Dataset content ::

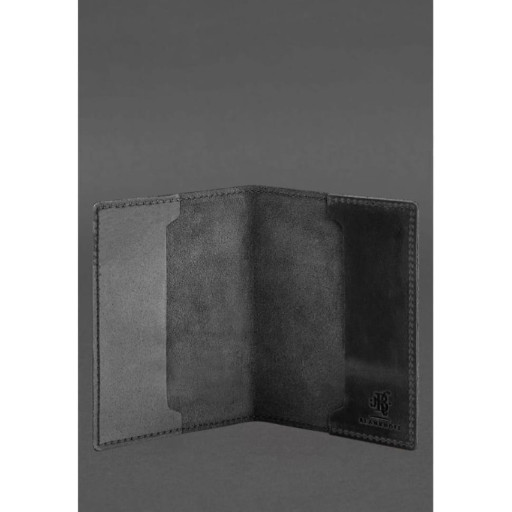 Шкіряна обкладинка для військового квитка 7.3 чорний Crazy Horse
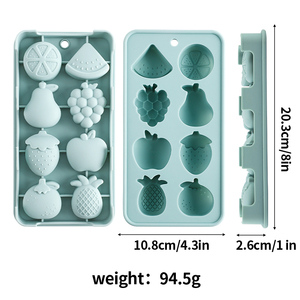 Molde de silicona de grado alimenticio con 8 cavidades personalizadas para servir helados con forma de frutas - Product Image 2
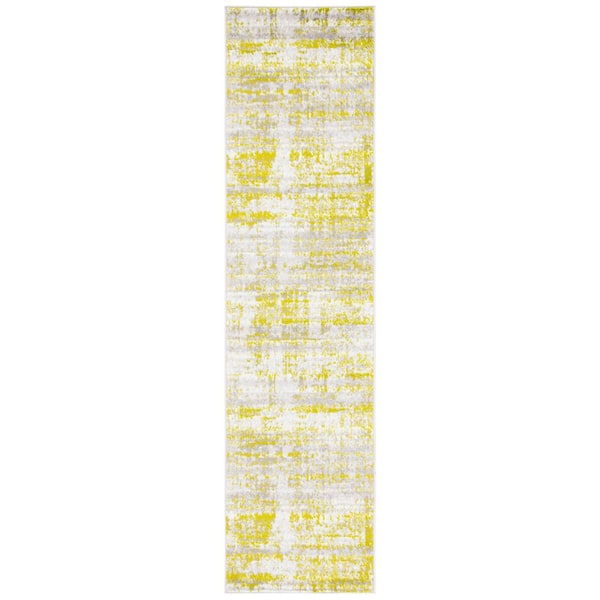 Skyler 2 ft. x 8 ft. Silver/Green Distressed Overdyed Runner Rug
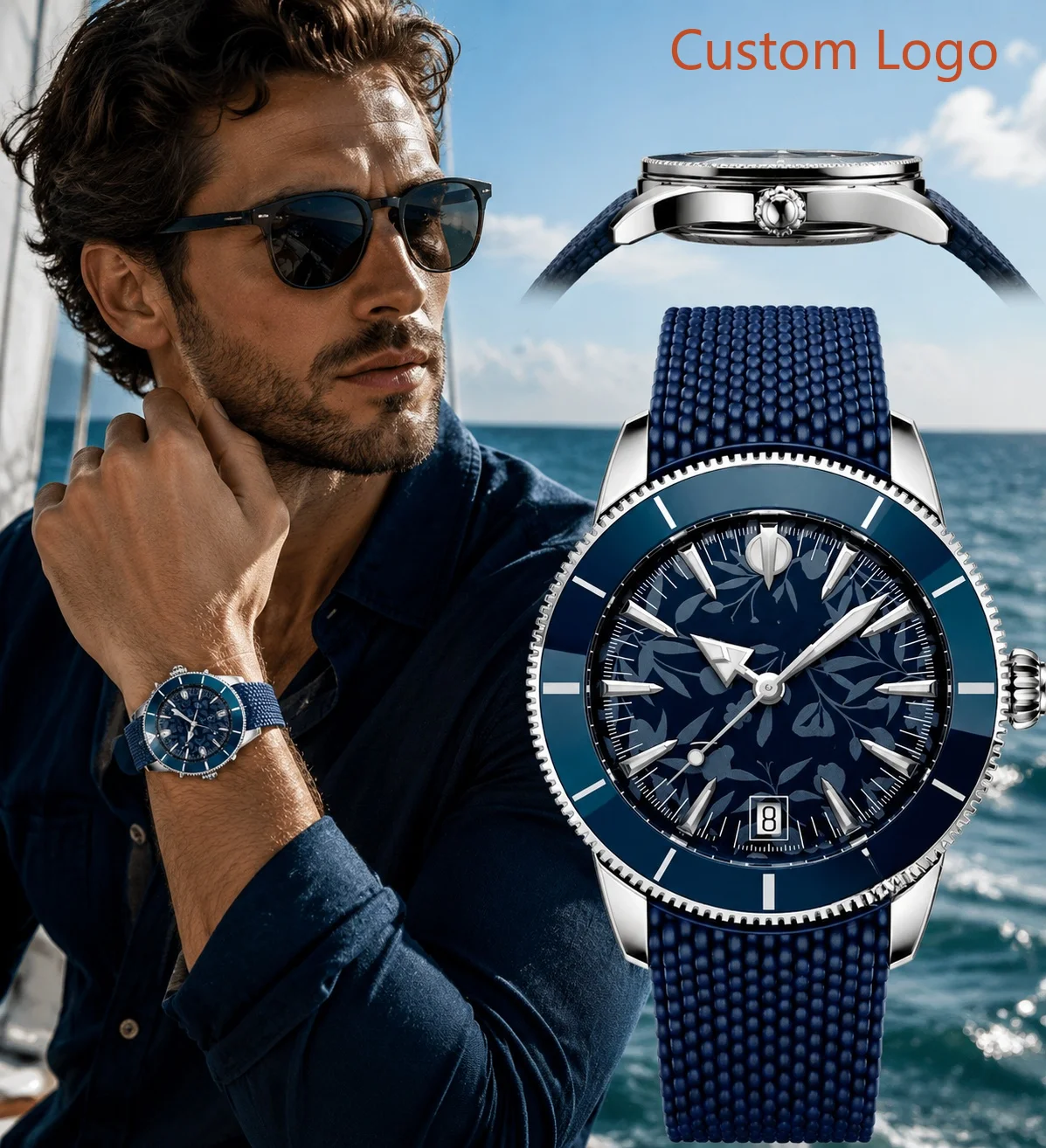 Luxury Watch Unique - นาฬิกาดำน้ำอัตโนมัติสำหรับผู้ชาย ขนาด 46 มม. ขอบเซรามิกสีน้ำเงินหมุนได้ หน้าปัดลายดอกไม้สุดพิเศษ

Aim of the exercise :: Beginning with the line that bears "Molde de silicona", output each line through the last line of the listing exactly, and no others; skip the pictures.

Result of this exercise ::
 Molde de silicona de grado alimenticio con 8 cavidades personalizadas para servir helados con forma de frutas - Product Image 2
 Skyler 2 ft. x 8 ft. Silver/Green Distressed Overdyed Runner Rug
 Luxury Watch Unique - นาฬิกาดำน้ำอัตโนมัติสำหรับผู้ชาย ขนาด 46 มม. ขอบเซรามิกสีน้ำเงินหมุนได้ หน้าปัดลายดอกไม้สุดพิเศษ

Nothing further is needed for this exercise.